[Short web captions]
= = = =

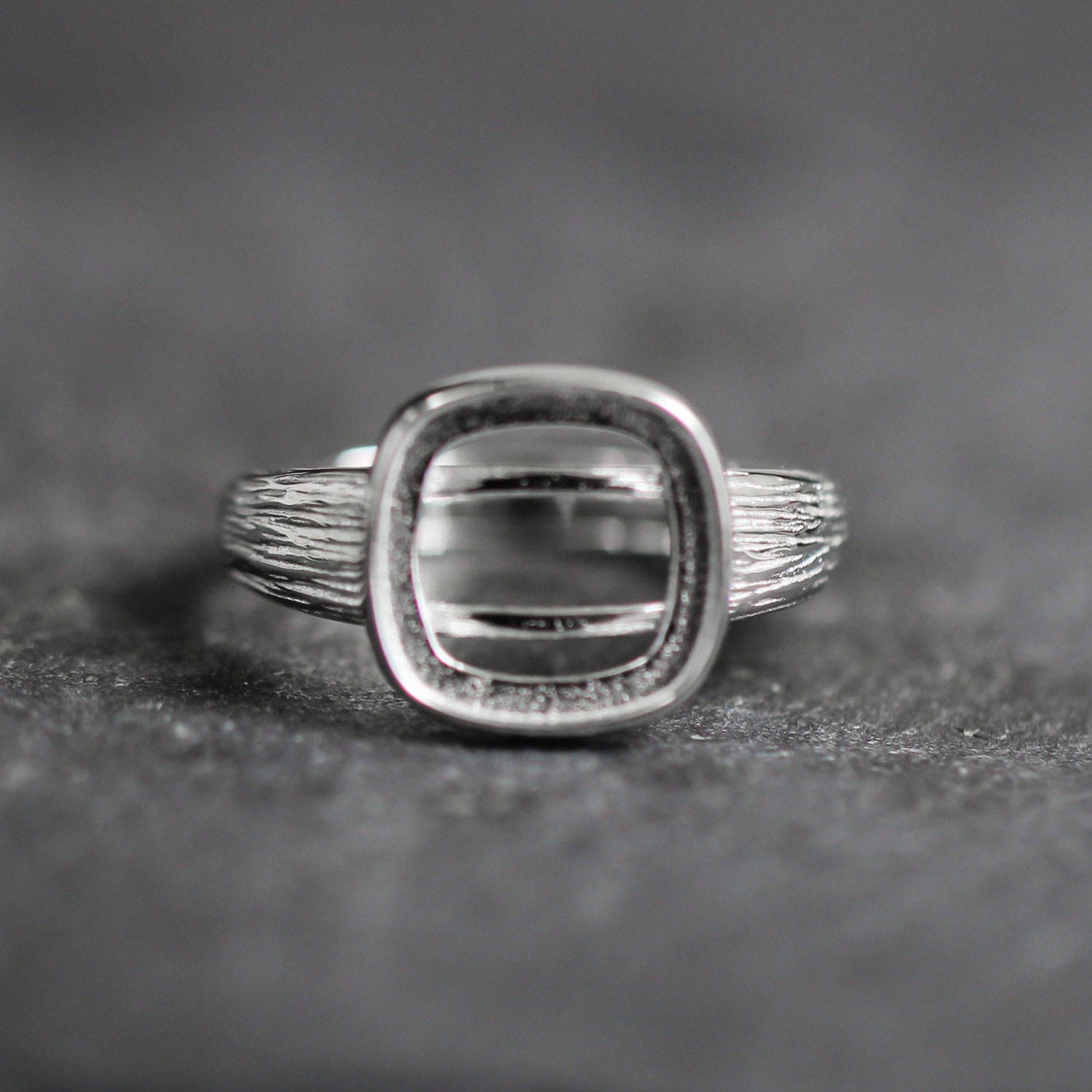925 Sterling Silver Matte & Polished Turquoise Ring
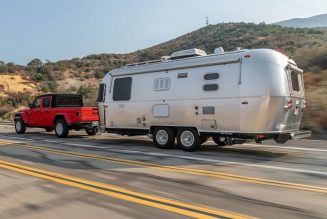 2021 Jeep Gladiator EcoDiesel First Test: Not the Perfect Truck You Were Expecting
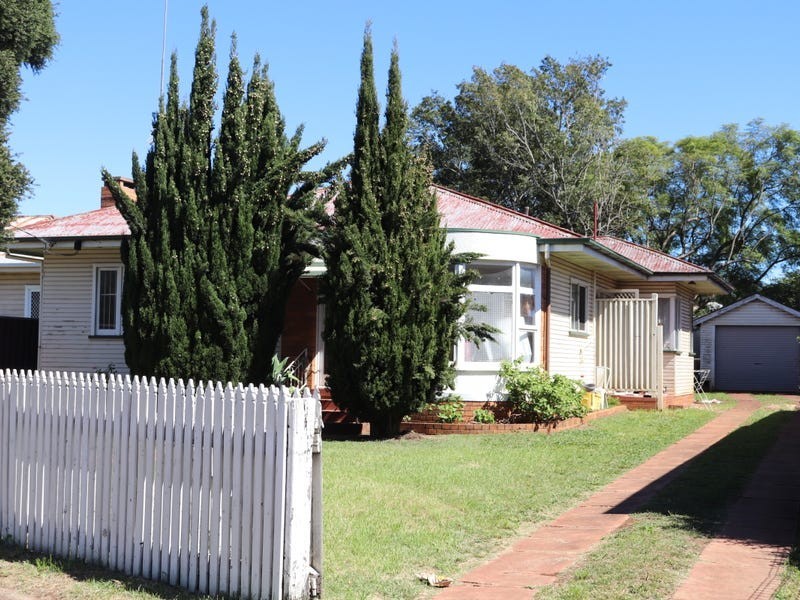145-147 Anzac Avenue, Harristown QLD 4350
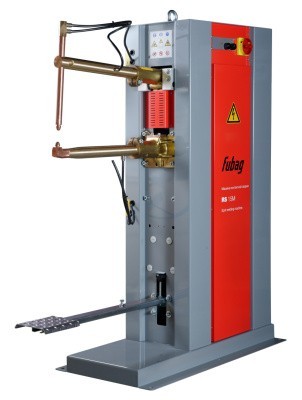 Аппарат точечной сварки Fubag c радиальным ходом плеча Fubag RS 15M с блоком управления S1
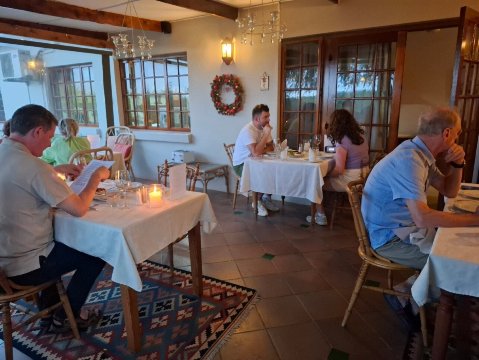 Lupus Den Country House-官方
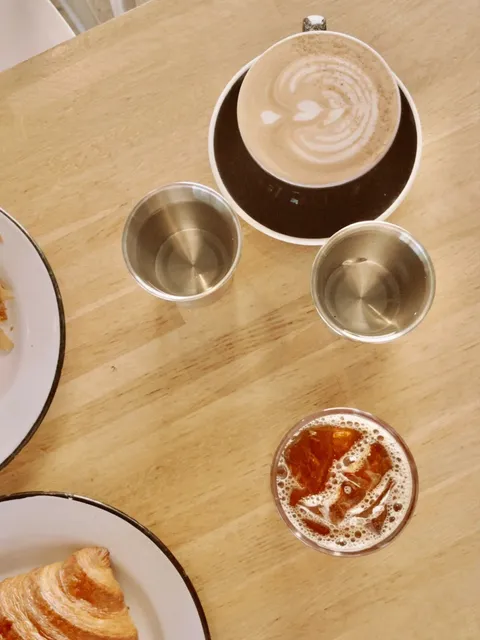 Vesta Coffee Roasters – A Cozy Coffee Spot Where You Pick the Beans! 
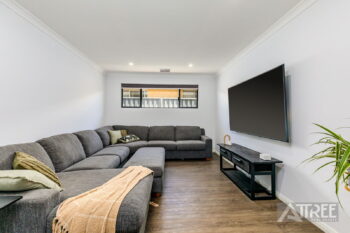 Listing image for 8 Sorrento Road, Piara Waters  WA  6112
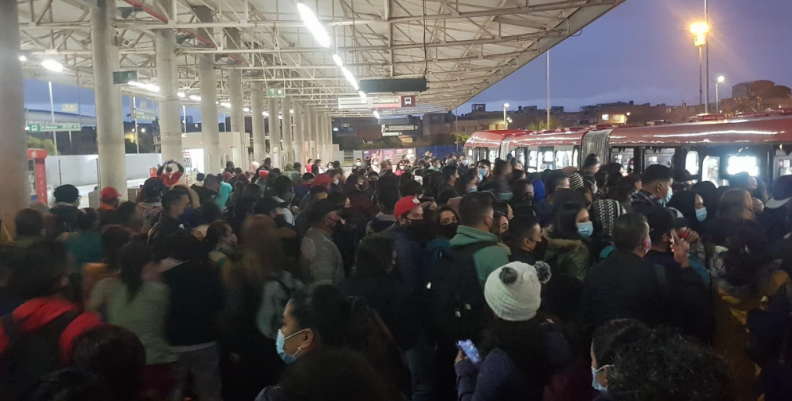 Aglomeraciones en TransMilenio, Portal Américas. Aglomeraciones en TransMilenio, Portal Américas.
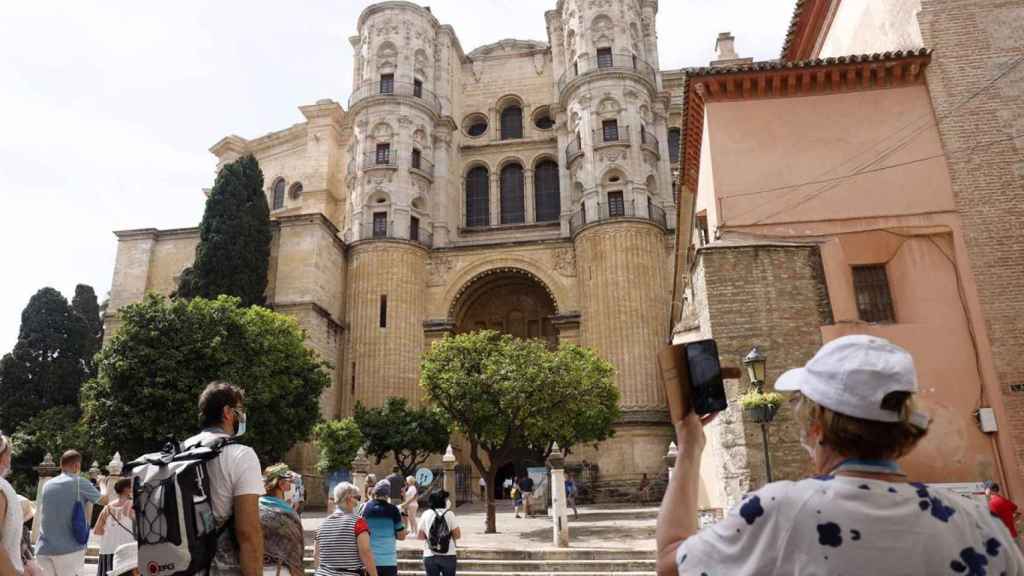 Un grupo de turistas junto a la Catedral de Málaga.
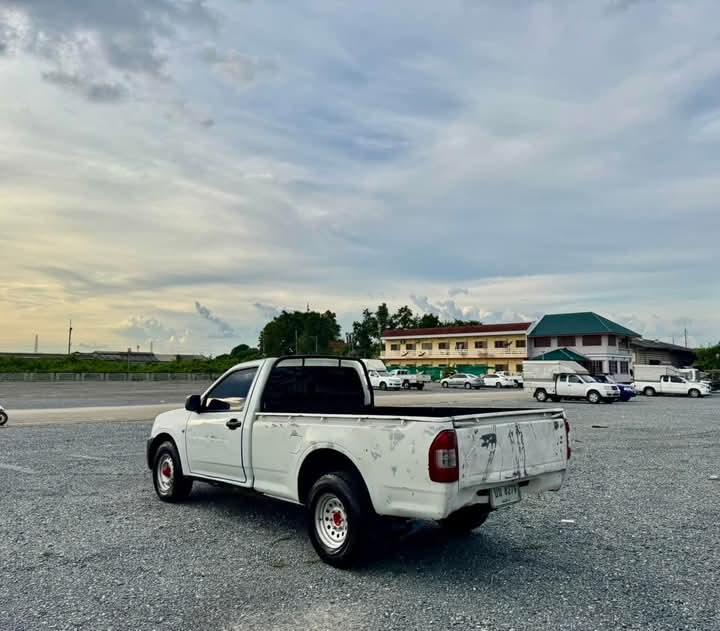 Isuzu D-Max  สีขาว 7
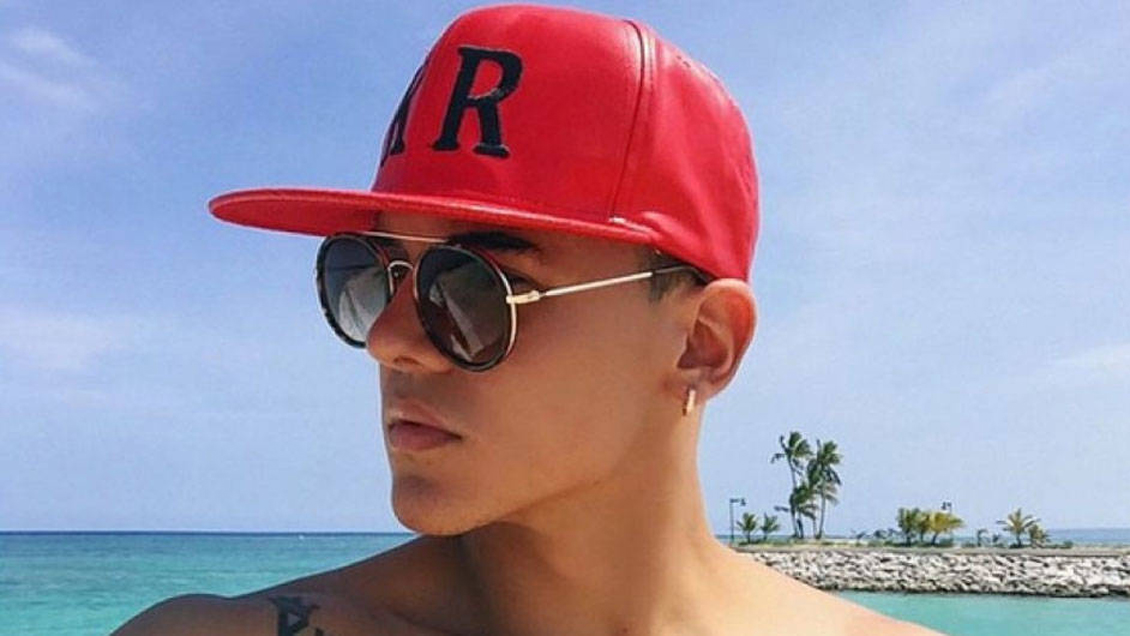 Reggeatonero Kevin Roldán fue detenido por presunto abuso sexual
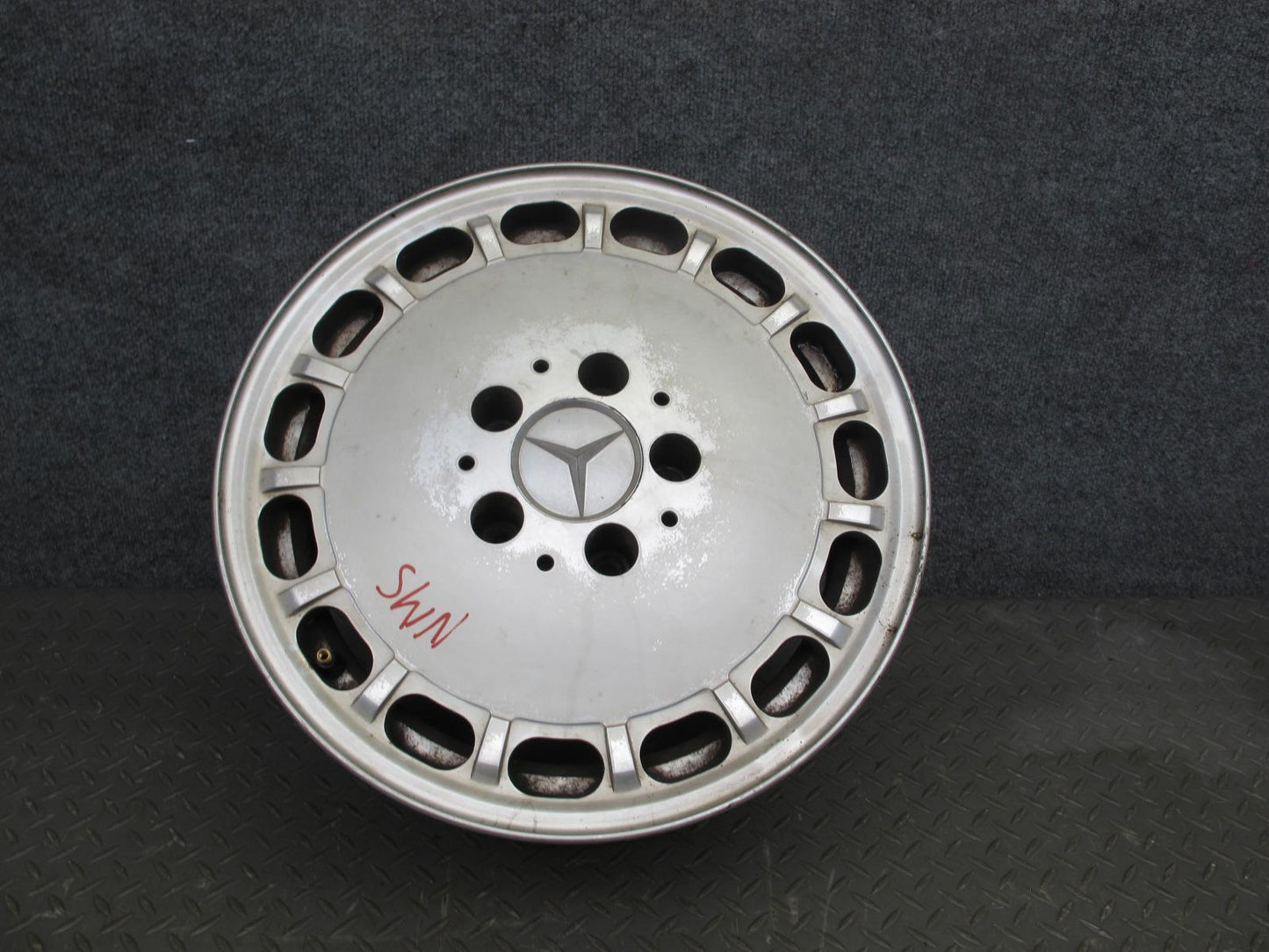 86-91 Mercedes W126 Set of 4 Factory 15" R15 Alloy Wheel Rim 15x6.5J ET21.5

= = = =

Produce an exact copy of every line above, with the images left out.

ANSWER TO THIS PROBLEM:
925 Sterling Silver Matte & Polished Turquoise Ring
 2021 Jeep Gladiator EcoDiesel First Test: Not the Perfect Truck You Were Expecting
145-147 Anzac Avenue, Harristown QLD 4350
 Аппарат точечной сварки Fubag c радиальным ходом плеча Fubag RS 15M с блоком управления S1
 Lupus Den Country House-官方
 Vesta Coffee Roasters – A Cozy Coffee Spot Where You Pick the Beans! 
 Listing image for 8 Sorrento Road, Piara Waters  WA  6112
 Aglomeraciones en TransMilenio, Portal Américas. Aglomeraciones en TransMilenio, Portal Américas.
 Un grupo de turistas junto a la Catedral de Málaga.
 Isuzu D-Max  สีขาว 7
 Reggeatonero Kevin Roldán fue detenido por presunto abuso sexual
 86-91 Mercedes W126 Set of 4 Factory 15" R15 Alloy Wheel Rim 15x6.5J ET21.5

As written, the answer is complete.